The opt-out movement is spreading around the country, with tens of thousands if not hundreds of thousands of parents deciding that the state-mandated tests being given to students are not fair to either the students or the teachers who will be evaluated by the test scores. While the percentage of parents opting out is small relative to the number of parents allowing their children to take the test, the movement has forced a national debate on the value of the tests and forced administrators and policymakers to address it.
In this post, Ramey provides her religious reasons for opting her children out of the tests. This first appeared on her Yinzercation blog, and I am republishing it with her permission. This is a letter she sent to Linda Lane, superintendent of Pittsburgh Public Schools; Lisa Augustin, director of assessment; Jamie Kinzel-Nath, Pittsburgh Colfax K-8 principal; and all of her children’s teachers.
April 10, 2015
Dear Dr. Lane and Ms. Kinzel-Nath:
Pursuant to Pennsylvania Code Title 22 Chapter 4, section 4.4 (d)(5) I am hereby exercising my right as a parent to have my children, ____________, excused from PSSA testing on the grounds of my religious beliefs. Please allow ___________ to pursue alternate educational activities such as a research project or volunteering in younger classrooms during testing.
I could stop my letter right there, as that is all that is legally required by the state in order to excuse our children from testing. However, as this is our third year writing such letters, I would like to explain the religious grounds we have for refusing to allow our children to be tested. Even though, under law, no state or school official is permitted to ask us about our faith nor require “proof” of our beliefs, I would like to share these religious reasons with you.
We belong to First Unitarian Church of Pittsburgh, a member of the Pennsylvania Interfaith Impact Network (PIIN), which is active in education justice. Every Sunday, we recite seven principles that unite Unitarian Universalists. Most of these principles are basic moral and philosophical statements shared by all of the world’s major religions. They reflect the common values of most faiths, from “love one another” and “do unto others,” to respect for the spark of the divine in each of us, and the ethical-humanist imperative to leave this world a better place. Please allow me to explain how each of these seven principles has led us to refuse high-stakes-testing for our own children, and on behalf of all children.

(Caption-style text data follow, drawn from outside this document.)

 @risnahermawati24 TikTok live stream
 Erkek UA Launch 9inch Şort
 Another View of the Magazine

Every child is valuable – priceless – and has the human right to a rich, full education. Respecting the inherent worth of every child also means treating each student as an individual, and not a widget being produced in a factory. Standardized testing, tied to an ever more standardized common core curriculum, sorts students into categories (“below basic,” “basic,” etc.) There are serious consequences to this sorting and labeling (see below), but the underlying premise of this standardized high-stakes-testing is to compare and rank students – not to support the individual learning of each student.

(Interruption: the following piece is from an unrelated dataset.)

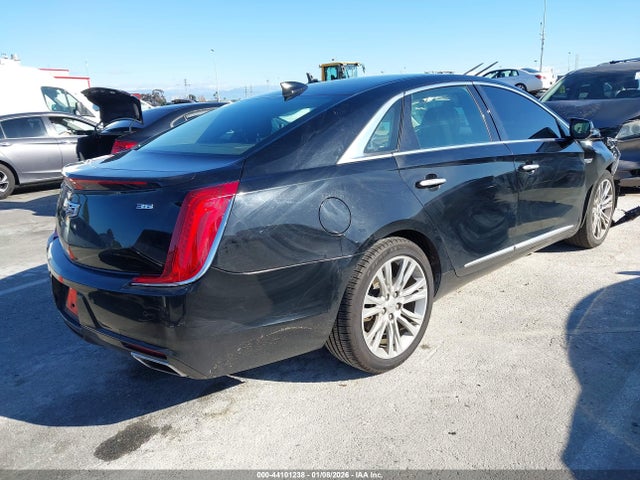 2019 CADILLAC XTS 2G61M5S38K9156098 Photo 3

This is clearly evident when schools use standardized, normed tests, which force all students into a bell curve, guaranteeing that a large proportion of the children will fail. To get that nice bell shape of test results, with exactly half of the children falling on the “below average” side of the curve, the tests are carefully designed with purposefully misleading questions. For instance, test makers will use tricky sound-alike answers to intentionally trip up English language learners, or culturally specific clues most easily decoded only by students from wealthy families. Pittsburgh is subjecting students to the normed GRADE test not once, but three times a year (a result of accepting state money that came with testing strings attached). Teachers have been reporting the problematic GRADE test questions for years, but the test-maker has not changed them because this “assessment” requires a set failure rate. In what way does this kind of standardized testing respect the inherent worth of our students? When students’ test scores are then displayed for all to see on “data walls” (an increasingly common practice in our schools), how does this respect the dignity of each child?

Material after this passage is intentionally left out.